What the exercise asks. Please copy every record below exactly, leaving out the pictures.

Dataset extract.

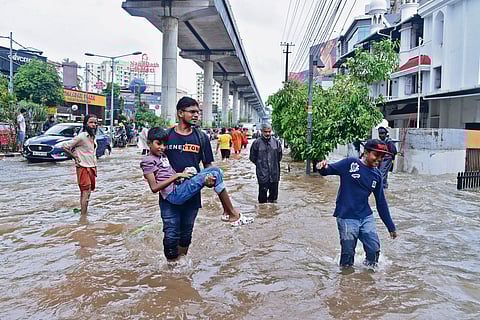 Kochi, do we have a breakthrough? 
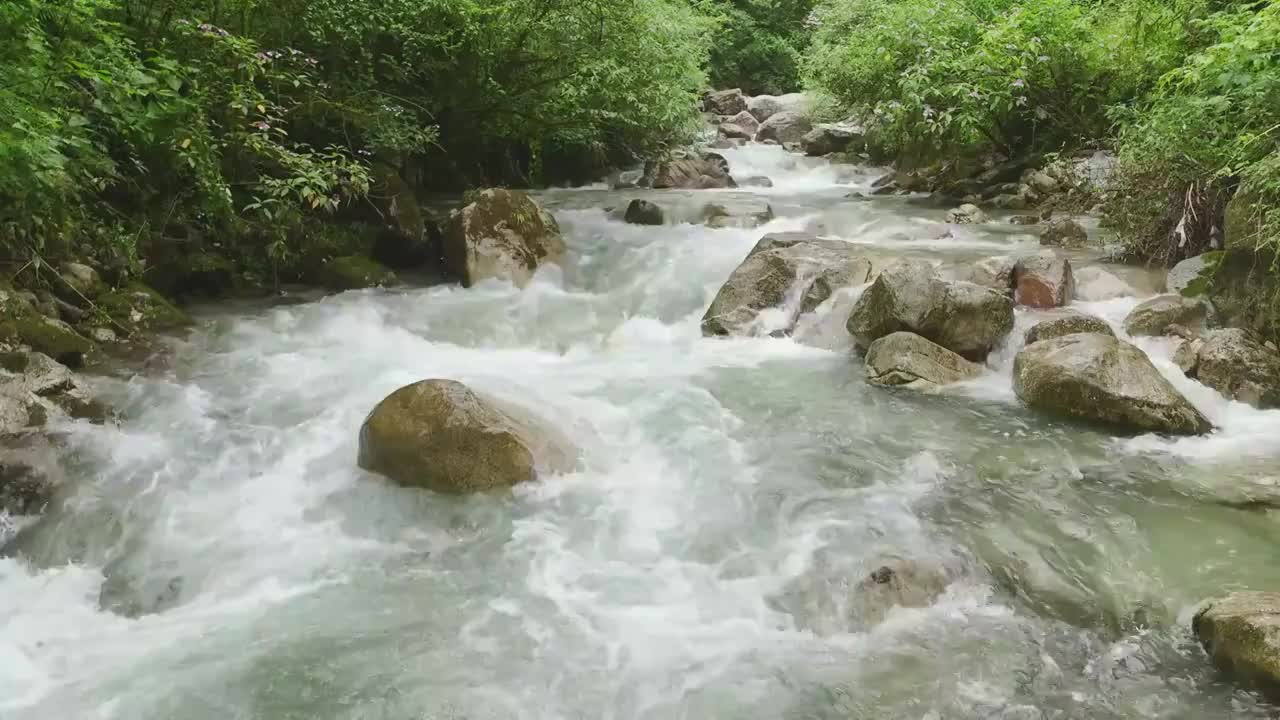 崇州市九龙沟溪水视频素材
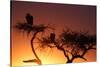 Griffon vulture (Gyps fulvus) in a tree at sunrise, Masai Mara Game Reserve, Kenya, East Africa, Af-null-Stretched Canvas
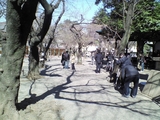 みよ、このひとだかり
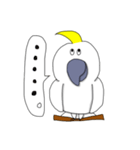 キバタンのぴっけ（個別スタンプ：31）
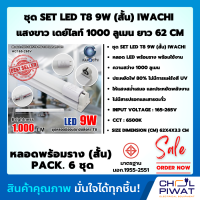 IWACHI หลอดไฟนีออนพร้อมราง LED T8 9 W ชุดหลอดไฟพร้อมราง LED โคมไฟ LED หลอดไฟ LED ฟลูเซ็ท LED โคมไฟสำเร็จรูป T8 9 W (ขาบิดล็อก) แสงสีขาว (DAYLIGHT) (แพ็ค 6 ชุด)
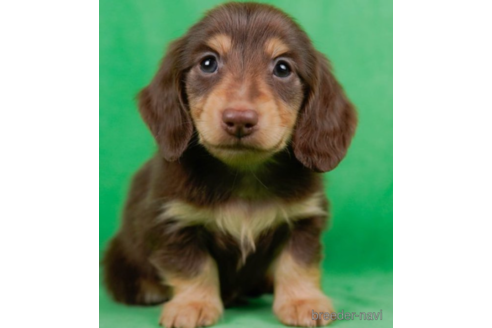 成約済の東京都のミニチュアダックスフンド(ロングヘアード)-226457の5枚目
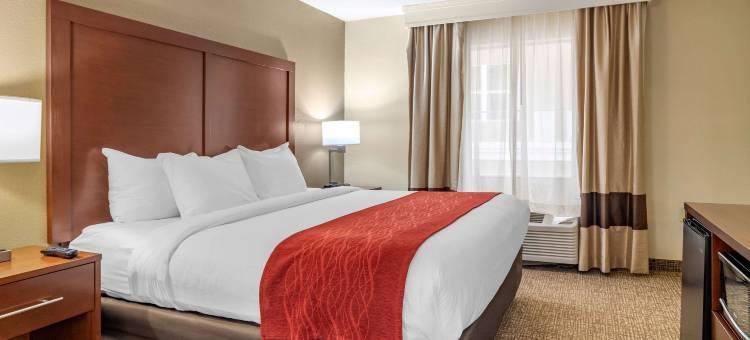 梅肯北I-75舒适套房酒店(Comfort Inn & Suites Macon North I-75)图片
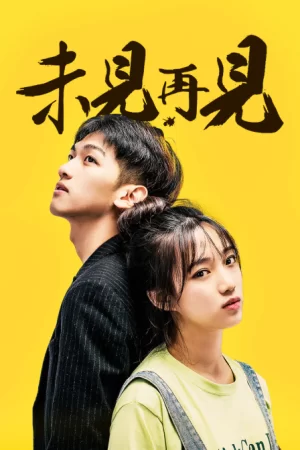 未见再见海报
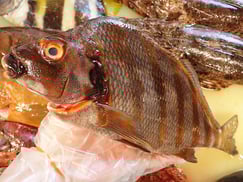 タカノハダイ　五島列島の魚　未利用魚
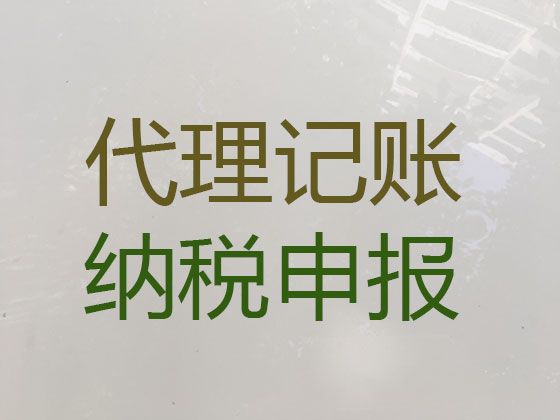 东方市记账报税正规公司-本地财务公司办理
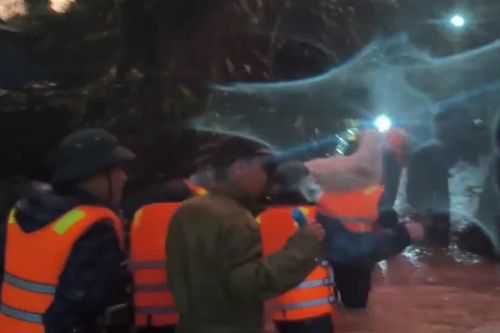 [Video] Lâm Đồng: Mưa lớn khiến nhiều hộ dân, du khách phải sơ tán, hơn 300 ha cây trồng bị thiệt hại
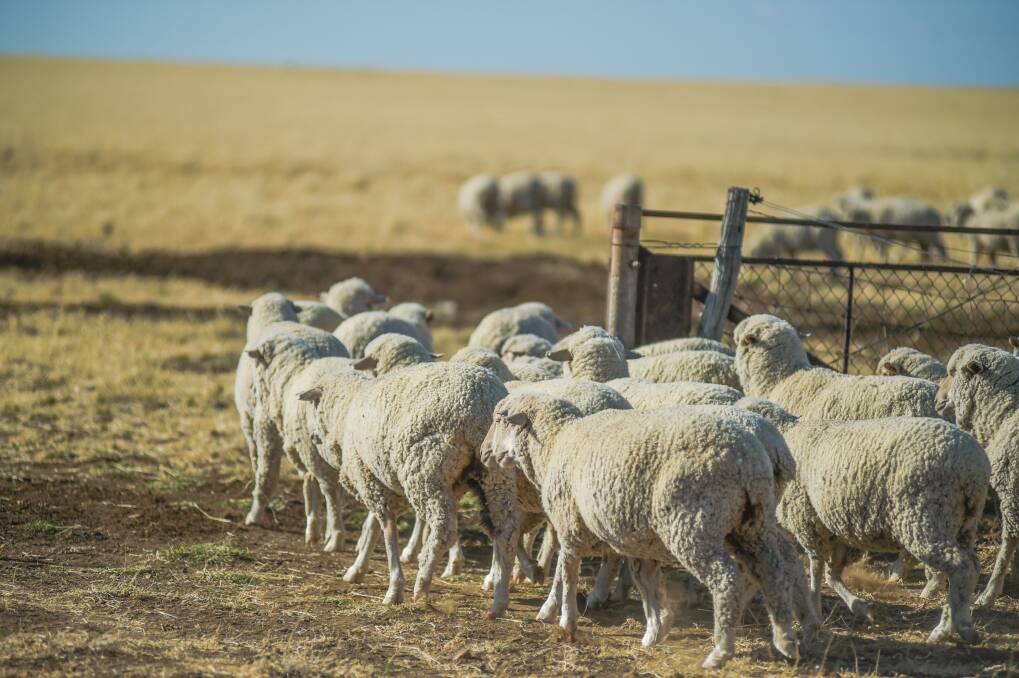 In the mid 80s wool made up 90pc of all the revenue in the sheep industry compared to around 40pc today. 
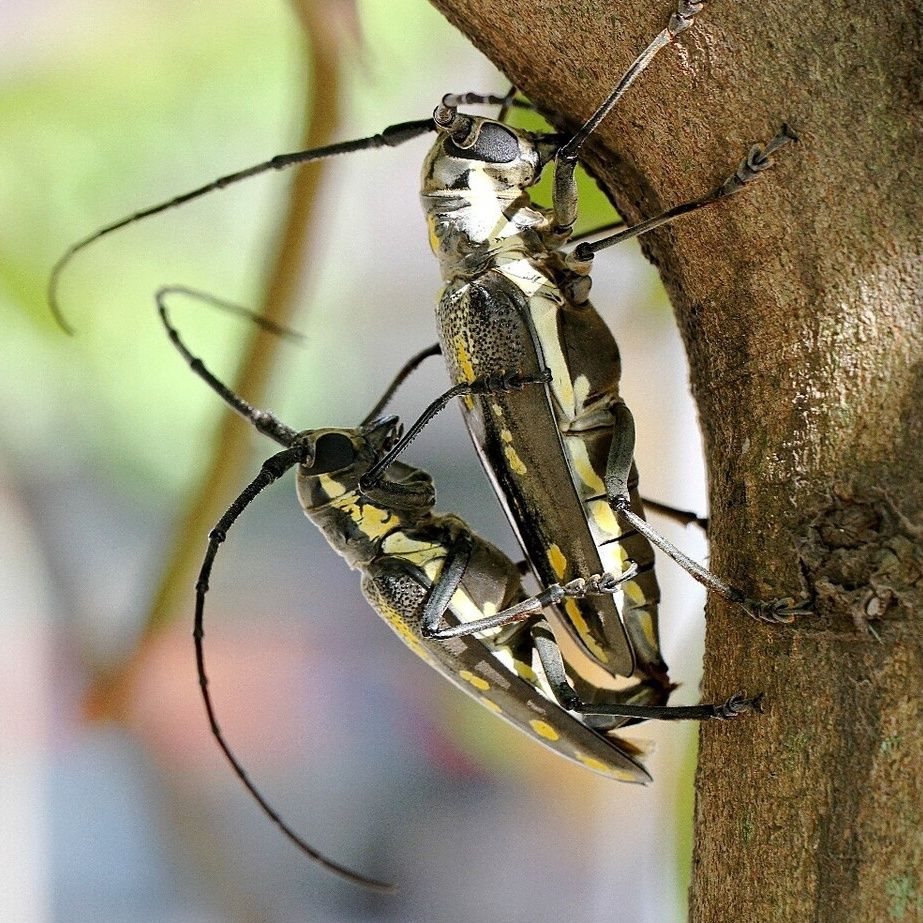 Живой насекомый жук, ползучее животное с белыми полосами, легко кормить на ивовой коре, безопасный ящик для разведения
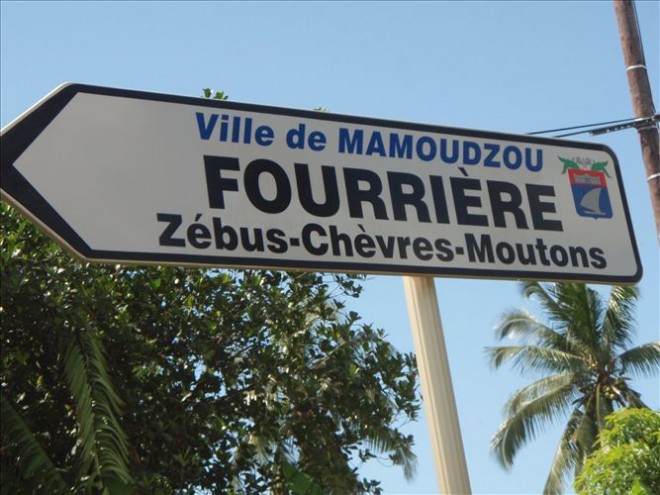 Zebu Fourrière..jpg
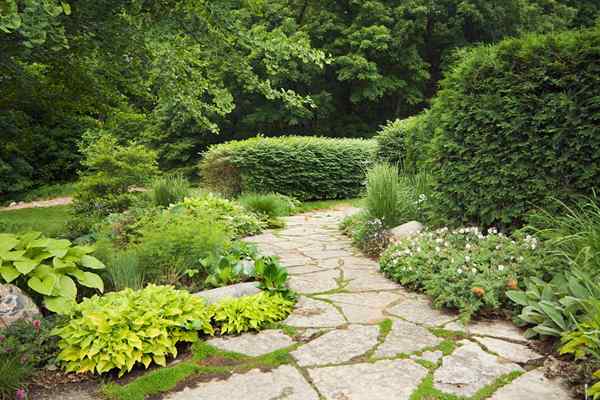 Comment poser un chemin de jardin en pierre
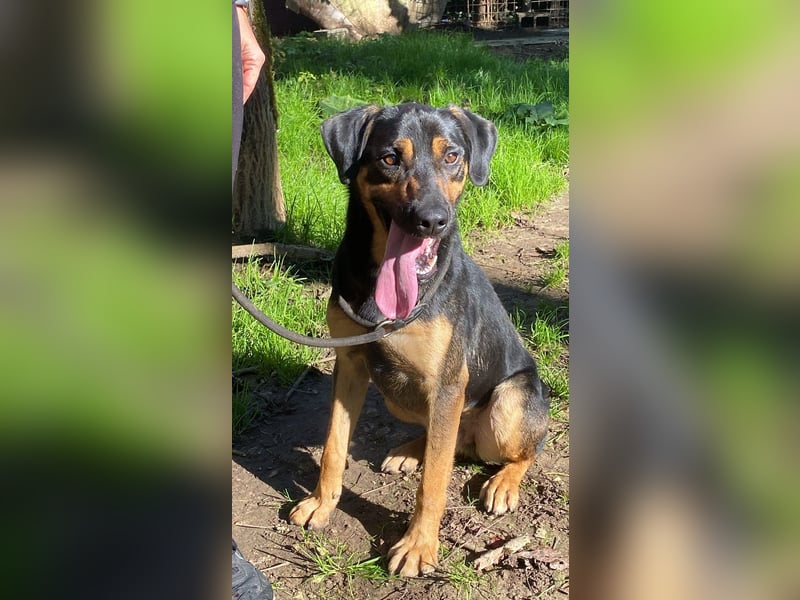 Robin - (Dringend Zuhause oder Pflegestelle gesucht) Ein unbeschriebenes Blatt...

Output.
 Kochi, do we have a breakthrough? 
 崇州市九龙沟溪水视频素材
 Griffon vulture (Gyps fulvus) in a tree at sunrise, Masai Mara Game Reserve, Kenya, East Africa, Af-null-Stretched Canvas
 みよ、このひとだかり
 キバタンのぴっけ（個別スタンプ：31）
 IWACHI หลอดไฟนีออนพร้อมราง LED T8 9 W ชุดหลอดไฟพร้อมราง LED โคมไฟ LED หลอดไฟ LED ฟลูเซ็ท LED โคมไฟสำเร็จรูป T8 9 W (ขาบิดล็อก) แสงสีขาว (DAYLIGHT) (แพ็ค 6 ชุด)
 成約済の東京都のミニチュアダックスフンド(ロングヘアード)-226457の5枚目
 梅肯北I-75舒适套房酒店(Comfort Inn & Suites Macon North I-75)图片
 未见再见海报
 タカノハダイ　五島列島の魚　未利用魚
 东方市记账报税正规公司-本地财务公司办理
 [Video] Lâm Đồng: Mưa lớn khiến nhiều hộ dân, du khách phải sơ tán, hơn 300 ha cây trồng bị thiệt hại
 In the mid 80s wool made up 90pc of all the revenue in the sheep industry compared to around 40pc today. 
 Живой насекомый жук, ползучее животное с белыми полосами, легко кормить на ивовой коре, безопасный ящик для разведения
 Zebu Fourrière..jpg
 Comment poser un chemin de jardin en pierre
 Robin - (Dringend Zuhause oder Pflegestelle gesucht) Ein unbeschriebenes Blatt...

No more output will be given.